Requirement => Among the records below, which lines contain the string "Ulla"? Report them.

Data for analysis =>
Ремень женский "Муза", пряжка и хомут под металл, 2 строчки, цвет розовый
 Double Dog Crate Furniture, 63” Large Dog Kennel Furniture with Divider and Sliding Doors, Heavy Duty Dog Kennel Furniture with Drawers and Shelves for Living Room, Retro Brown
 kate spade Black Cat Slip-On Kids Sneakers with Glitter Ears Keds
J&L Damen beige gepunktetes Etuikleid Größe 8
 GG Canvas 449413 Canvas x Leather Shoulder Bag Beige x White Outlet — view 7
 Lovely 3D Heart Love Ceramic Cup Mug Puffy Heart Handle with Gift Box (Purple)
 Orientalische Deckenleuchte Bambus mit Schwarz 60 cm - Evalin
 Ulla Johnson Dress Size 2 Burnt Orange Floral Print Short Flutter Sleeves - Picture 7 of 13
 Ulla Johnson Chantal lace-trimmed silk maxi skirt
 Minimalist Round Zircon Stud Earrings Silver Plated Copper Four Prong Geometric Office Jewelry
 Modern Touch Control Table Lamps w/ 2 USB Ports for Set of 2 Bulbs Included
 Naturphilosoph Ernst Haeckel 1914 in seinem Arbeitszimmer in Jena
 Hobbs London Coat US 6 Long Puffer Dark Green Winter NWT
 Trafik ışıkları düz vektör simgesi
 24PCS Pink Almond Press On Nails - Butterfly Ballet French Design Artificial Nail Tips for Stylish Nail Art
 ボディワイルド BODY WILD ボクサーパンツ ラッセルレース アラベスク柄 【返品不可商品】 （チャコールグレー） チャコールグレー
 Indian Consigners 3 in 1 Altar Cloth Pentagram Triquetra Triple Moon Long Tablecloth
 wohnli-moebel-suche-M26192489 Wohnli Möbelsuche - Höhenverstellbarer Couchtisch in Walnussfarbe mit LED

Task result =>
 Ulla Johnson Dress Size 2 Burnt Orange Floral Print Short Flutter Sleeves - Picture 7 of 13
 Ulla Johnson Chantal lace-trimmed silk maxi skirt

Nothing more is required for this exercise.